“Sushi noodles” may not have had publicized plans for a potential presidency, but nonetheless, someone in Rye placed a write-in vote Tuesday naming the cuisine as their 2020 candidate.

When taking to the polls each year, for almost any election, a voter can write-in a “candidate” whose name does not appear on the ballot. For some, it’s a way to voice their disappointment in those actually on the ballot. For others, it’s a creative protest or revolt.

But for election officials, it’s annoying.

For example, in the high-stakes 2017 Alabama Senate election, votes for Mickey Mouse, football coach Nick Saban and “any other Republican” were among more than 22,000 write-ins statewide.

This year’s New Hampshire primary was no different. And while many write-in voters did legitimately name Democrat and former New York City Mayor Mike Bloomberg, who was not on the ballot in the Granite State, others made some interesting choices.

For town and city clerks, and other election staff, the write-ins are not fun and games on election night, when stakes are high to quickly release results. Portsmouth City Clerk Kelli Barnaby said the extra time and effort spent reviewing and recording “funny” write-ins is certainly not funny.

“It delays our abilities in reporting results in a timely manner due to the need to record all the write-ins whether they are legitimate or not,” Barnaby said. “Perhaps if people understand the process better, they will stop and think before making a write-in that is, as you say, ‘funny.’”
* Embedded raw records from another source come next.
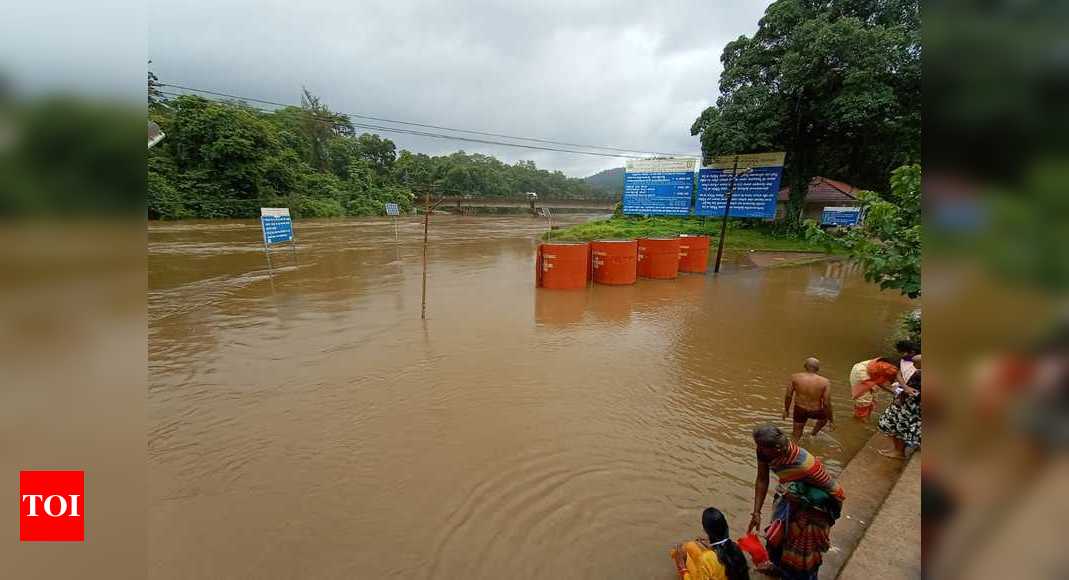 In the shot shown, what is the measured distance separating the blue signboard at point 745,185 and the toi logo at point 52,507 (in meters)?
18.2

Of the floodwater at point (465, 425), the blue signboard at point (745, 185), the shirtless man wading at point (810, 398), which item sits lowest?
the floodwater at point (465, 425)

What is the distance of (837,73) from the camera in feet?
57.5

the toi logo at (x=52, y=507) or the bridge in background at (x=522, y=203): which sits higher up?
the bridge in background at (x=522, y=203)

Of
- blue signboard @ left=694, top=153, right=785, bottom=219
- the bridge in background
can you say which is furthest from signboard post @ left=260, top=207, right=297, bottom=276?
the bridge in background

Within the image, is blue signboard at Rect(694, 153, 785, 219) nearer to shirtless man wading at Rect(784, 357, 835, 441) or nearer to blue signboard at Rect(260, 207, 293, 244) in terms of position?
shirtless man wading at Rect(784, 357, 835, 441)

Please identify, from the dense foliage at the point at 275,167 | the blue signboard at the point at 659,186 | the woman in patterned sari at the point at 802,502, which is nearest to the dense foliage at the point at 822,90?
the blue signboard at the point at 659,186

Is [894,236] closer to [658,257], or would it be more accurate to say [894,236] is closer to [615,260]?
[615,260]

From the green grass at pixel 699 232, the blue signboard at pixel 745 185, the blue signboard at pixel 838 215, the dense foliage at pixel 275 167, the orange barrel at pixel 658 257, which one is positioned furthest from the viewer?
the dense foliage at pixel 275 167

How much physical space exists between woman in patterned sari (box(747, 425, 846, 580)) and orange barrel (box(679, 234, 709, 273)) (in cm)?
1225

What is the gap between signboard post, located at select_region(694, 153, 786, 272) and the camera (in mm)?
16703

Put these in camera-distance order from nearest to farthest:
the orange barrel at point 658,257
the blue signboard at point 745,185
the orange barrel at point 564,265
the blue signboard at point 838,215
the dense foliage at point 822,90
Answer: the orange barrel at point 564,265 < the orange barrel at point 658,257 < the dense foliage at point 822,90 < the blue signboard at point 745,185 < the blue signboard at point 838,215

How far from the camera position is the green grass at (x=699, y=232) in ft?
70.0

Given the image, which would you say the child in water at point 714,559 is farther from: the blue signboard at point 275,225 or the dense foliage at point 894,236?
the blue signboard at point 275,225

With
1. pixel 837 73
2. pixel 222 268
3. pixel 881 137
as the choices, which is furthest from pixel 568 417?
pixel 881 137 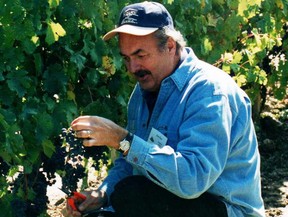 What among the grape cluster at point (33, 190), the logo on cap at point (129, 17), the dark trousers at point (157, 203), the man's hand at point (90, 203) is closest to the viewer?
the dark trousers at point (157, 203)

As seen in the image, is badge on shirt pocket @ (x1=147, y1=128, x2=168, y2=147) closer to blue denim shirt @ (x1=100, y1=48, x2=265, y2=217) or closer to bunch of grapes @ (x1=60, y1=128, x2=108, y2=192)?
blue denim shirt @ (x1=100, y1=48, x2=265, y2=217)

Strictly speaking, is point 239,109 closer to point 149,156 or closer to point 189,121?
point 189,121

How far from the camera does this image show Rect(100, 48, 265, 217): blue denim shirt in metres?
3.06

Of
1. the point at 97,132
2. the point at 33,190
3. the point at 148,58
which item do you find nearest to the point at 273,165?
the point at 33,190

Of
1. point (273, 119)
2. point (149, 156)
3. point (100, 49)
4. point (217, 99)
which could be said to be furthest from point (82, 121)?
point (273, 119)

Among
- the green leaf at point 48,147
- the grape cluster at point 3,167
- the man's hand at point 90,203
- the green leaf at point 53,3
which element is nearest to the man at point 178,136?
the man's hand at point 90,203

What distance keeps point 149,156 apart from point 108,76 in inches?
40.2

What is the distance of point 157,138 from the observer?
131 inches

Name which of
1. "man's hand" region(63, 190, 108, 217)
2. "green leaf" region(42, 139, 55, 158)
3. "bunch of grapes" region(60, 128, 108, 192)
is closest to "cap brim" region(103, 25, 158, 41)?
"bunch of grapes" region(60, 128, 108, 192)

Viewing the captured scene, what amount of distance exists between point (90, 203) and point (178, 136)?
0.58m

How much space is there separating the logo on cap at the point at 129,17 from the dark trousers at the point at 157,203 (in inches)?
25.2

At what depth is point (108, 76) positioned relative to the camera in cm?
403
In North Hampton Tuesday, one voter wrote-in infamous cult leader Charles Manson for the presidency. Another chose Gary Johnson, Libertarian Party nominee for president in 2016.

“We did have one vote for Charles Manson, which I thought was quite silly,” said North Hampton Town Clerk Susan Buchanan. “We usually do have the old Mickey Mouse and Donald Duck.”
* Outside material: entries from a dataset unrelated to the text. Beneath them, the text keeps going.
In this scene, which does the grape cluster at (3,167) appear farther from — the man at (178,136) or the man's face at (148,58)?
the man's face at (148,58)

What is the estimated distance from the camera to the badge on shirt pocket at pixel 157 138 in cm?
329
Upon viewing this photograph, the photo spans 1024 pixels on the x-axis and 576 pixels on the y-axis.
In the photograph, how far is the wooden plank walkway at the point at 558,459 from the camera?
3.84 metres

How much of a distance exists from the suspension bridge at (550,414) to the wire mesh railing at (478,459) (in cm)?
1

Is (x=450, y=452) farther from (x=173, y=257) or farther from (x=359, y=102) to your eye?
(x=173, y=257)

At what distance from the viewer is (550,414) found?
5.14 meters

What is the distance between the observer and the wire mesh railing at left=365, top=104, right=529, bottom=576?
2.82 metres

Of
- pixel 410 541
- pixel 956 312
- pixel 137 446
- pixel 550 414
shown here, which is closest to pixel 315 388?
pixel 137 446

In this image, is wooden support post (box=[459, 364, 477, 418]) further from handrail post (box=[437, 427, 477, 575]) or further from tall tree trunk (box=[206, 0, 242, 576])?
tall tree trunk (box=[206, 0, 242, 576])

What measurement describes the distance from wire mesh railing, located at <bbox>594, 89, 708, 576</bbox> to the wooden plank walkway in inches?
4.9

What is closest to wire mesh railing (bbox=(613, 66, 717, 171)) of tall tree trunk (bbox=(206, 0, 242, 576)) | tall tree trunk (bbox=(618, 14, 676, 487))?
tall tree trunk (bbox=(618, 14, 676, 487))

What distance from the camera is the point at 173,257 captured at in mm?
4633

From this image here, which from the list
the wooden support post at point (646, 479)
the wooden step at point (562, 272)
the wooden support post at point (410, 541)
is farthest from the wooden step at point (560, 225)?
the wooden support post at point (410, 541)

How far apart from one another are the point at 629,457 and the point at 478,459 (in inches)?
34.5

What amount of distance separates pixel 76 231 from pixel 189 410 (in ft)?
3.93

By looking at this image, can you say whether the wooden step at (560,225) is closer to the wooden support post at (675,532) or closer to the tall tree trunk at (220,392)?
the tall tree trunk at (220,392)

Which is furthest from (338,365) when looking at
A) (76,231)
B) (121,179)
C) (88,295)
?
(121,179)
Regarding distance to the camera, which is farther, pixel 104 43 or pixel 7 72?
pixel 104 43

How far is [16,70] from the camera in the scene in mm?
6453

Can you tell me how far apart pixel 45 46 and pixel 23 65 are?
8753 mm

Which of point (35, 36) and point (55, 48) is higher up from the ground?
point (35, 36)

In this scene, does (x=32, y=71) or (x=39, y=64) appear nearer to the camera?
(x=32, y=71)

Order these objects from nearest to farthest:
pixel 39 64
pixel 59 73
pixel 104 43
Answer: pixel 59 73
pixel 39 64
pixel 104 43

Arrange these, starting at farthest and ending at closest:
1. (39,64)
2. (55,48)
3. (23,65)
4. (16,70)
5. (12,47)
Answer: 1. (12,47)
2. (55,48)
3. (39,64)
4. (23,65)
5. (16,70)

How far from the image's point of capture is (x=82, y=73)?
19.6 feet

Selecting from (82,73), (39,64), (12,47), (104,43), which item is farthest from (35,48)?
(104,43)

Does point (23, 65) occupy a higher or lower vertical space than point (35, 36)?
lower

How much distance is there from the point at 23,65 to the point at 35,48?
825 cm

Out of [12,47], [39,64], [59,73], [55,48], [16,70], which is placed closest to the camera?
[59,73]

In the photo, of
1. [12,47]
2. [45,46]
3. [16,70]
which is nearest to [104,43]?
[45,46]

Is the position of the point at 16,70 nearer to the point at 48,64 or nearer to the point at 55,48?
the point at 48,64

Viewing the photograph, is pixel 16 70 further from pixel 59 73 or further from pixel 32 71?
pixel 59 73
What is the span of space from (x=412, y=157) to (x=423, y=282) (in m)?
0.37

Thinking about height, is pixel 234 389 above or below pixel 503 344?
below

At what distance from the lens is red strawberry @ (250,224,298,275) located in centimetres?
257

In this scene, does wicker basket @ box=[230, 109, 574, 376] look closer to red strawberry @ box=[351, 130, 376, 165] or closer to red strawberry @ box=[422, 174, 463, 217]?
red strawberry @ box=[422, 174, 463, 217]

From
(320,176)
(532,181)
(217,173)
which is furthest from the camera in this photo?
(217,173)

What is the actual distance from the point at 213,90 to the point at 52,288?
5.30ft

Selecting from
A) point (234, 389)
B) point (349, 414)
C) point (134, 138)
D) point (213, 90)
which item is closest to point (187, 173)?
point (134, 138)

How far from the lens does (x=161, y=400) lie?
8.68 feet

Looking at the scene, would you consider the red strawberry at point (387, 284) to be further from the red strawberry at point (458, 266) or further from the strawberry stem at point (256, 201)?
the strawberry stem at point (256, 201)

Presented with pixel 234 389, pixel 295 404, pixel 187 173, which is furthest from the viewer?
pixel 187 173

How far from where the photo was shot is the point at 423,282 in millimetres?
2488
Perhaps even more interesting, “We have one person in town who literally writes his own name on every contest, and his name is 15 characters long, so we have to write that name as a write-in after every race, every time there’s an election,” Buchanan said. “We want to get home and go to bed, too. It’s not only aggravating for us, but why does he bother? It’s a waste of his vote.”
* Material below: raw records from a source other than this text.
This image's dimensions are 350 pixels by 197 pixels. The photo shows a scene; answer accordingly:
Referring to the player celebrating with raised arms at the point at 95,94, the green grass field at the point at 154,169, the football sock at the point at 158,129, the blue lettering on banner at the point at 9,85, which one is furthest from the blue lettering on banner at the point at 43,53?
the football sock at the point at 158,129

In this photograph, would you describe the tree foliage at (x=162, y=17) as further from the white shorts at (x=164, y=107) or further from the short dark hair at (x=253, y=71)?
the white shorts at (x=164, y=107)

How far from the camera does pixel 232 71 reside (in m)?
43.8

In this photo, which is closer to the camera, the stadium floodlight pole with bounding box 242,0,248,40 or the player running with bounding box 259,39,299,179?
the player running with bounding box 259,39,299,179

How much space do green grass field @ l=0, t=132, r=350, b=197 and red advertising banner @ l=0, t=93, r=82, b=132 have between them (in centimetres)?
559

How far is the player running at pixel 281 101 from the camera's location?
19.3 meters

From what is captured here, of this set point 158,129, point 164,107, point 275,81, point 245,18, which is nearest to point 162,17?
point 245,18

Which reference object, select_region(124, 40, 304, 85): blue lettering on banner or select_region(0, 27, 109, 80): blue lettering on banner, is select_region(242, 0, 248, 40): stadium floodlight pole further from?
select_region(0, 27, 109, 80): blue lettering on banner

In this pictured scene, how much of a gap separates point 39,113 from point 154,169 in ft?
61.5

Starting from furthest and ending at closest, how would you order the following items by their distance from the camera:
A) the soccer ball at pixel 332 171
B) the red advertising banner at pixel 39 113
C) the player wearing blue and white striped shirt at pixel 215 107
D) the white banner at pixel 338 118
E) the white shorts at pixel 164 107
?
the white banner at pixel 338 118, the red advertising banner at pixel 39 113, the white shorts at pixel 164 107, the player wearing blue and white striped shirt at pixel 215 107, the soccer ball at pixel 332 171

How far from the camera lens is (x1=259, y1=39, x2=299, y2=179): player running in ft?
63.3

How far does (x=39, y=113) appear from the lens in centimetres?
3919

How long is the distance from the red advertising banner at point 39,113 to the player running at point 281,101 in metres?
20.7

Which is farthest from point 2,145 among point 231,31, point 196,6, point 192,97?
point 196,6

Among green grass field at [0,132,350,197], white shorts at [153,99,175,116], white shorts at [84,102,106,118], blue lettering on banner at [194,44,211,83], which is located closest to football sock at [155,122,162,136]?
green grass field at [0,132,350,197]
In Rye, in addition to “sushi noodles,” voters wrote in former U.S. Ambassador to the United Nations Nikki Haley and Republican Utah Sen. Mitt Romney.

In Portsmouth, deceased former president Calvin Coolidge and publishing executive Steve Forbes got votes.

The town of Stratham saw one write-in each for Jesus Christ, Ron Paul and Carly Fiorina.

Stratham Town Clerk Joyce Charbonneau said in a town with 7,500 residents, “there’s always a few” of the “ridiculous” write-ins, but it’s not an overwhelming number. Charbonneau noted Stratham saw 44 write-ins for Bloomberg Tuesday, a legitimate candidate though not officially on the ballot.

In Dover, Michelle Obama received one vote, while Vermin Supreme and “none of the above” also got votes.

In Kensington, former speaker of the House Paul Ryan and “Jacob Hamburger” received votes in the Republican primary. And in Newfields, “fictitious character” received two votes.